§ YOUR OBJECTIVE
All of the records below should be retyped exactly, with no pictures included.

======== TASK INPUT ========

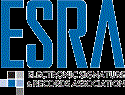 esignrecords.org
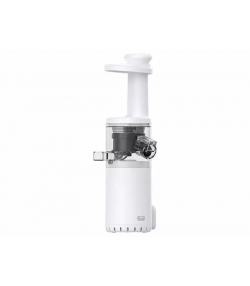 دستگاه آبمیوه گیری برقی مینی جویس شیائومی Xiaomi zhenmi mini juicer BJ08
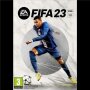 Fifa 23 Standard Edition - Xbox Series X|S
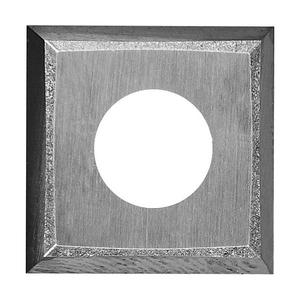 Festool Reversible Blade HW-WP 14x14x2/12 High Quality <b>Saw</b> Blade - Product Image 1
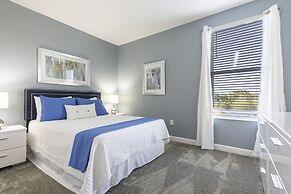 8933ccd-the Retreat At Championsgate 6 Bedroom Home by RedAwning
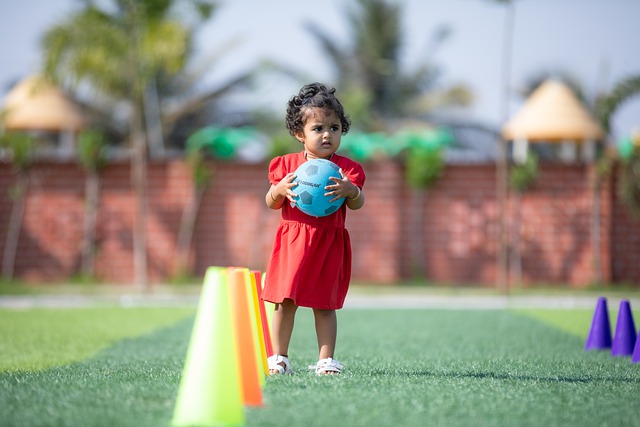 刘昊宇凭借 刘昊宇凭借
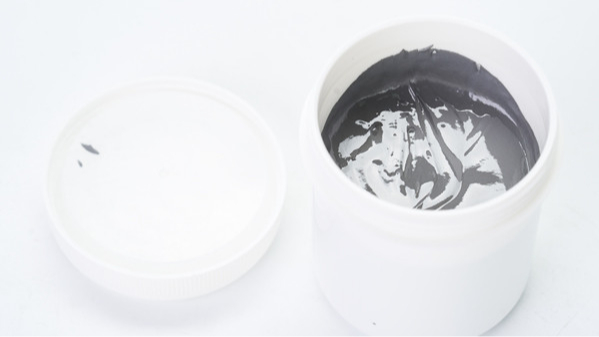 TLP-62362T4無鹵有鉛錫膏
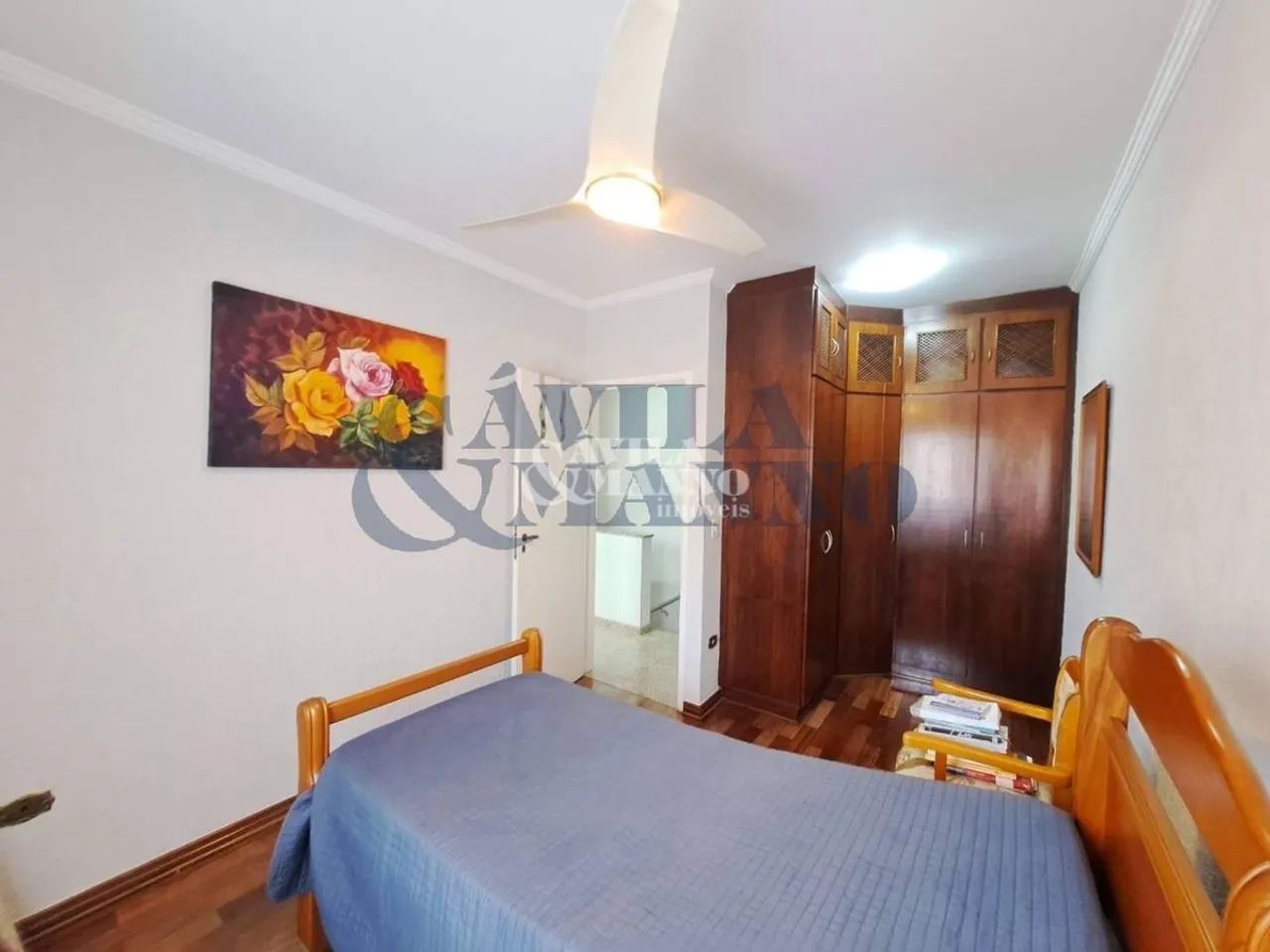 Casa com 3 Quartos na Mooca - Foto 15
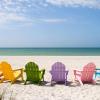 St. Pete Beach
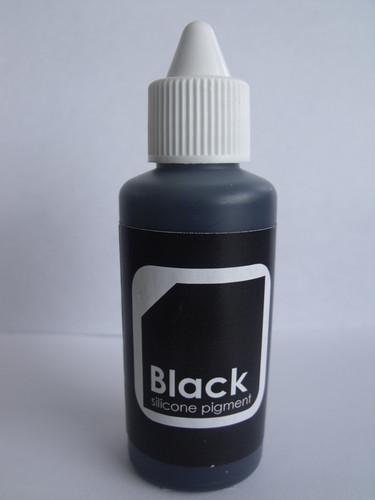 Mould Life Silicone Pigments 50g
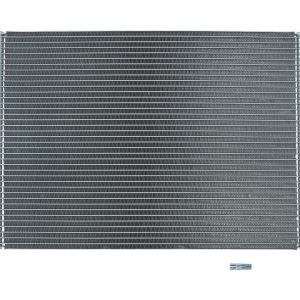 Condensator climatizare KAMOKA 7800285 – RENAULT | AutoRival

========

§ TASK SOLUTION
 esignrecords.org
 دستگاه آبمیوه گیری برقی مینی جویس شیائومی Xiaomi zhenmi mini juicer BJ08
 Fifa 23 Standard Edition - Xbox Series X|S
 Festool Reversible Blade HW-WP 14x14x2/12 High Quality <b>Saw</b> Blade - Product Image 1
 8933ccd-the Retreat At Championsgate 6 Bedroom Home by RedAwning
 刘昊宇凭借 刘昊宇凭借
 TLP-62362T4無鹵有鉛錫膏
 Casa com 3 Quartos na Mooca - Foto 15
 St. Pete Beach
 Mould Life Silicone Pigments 50g
 Condensator climatizare KAMOKA 7800285 – RENAULT | AutoRival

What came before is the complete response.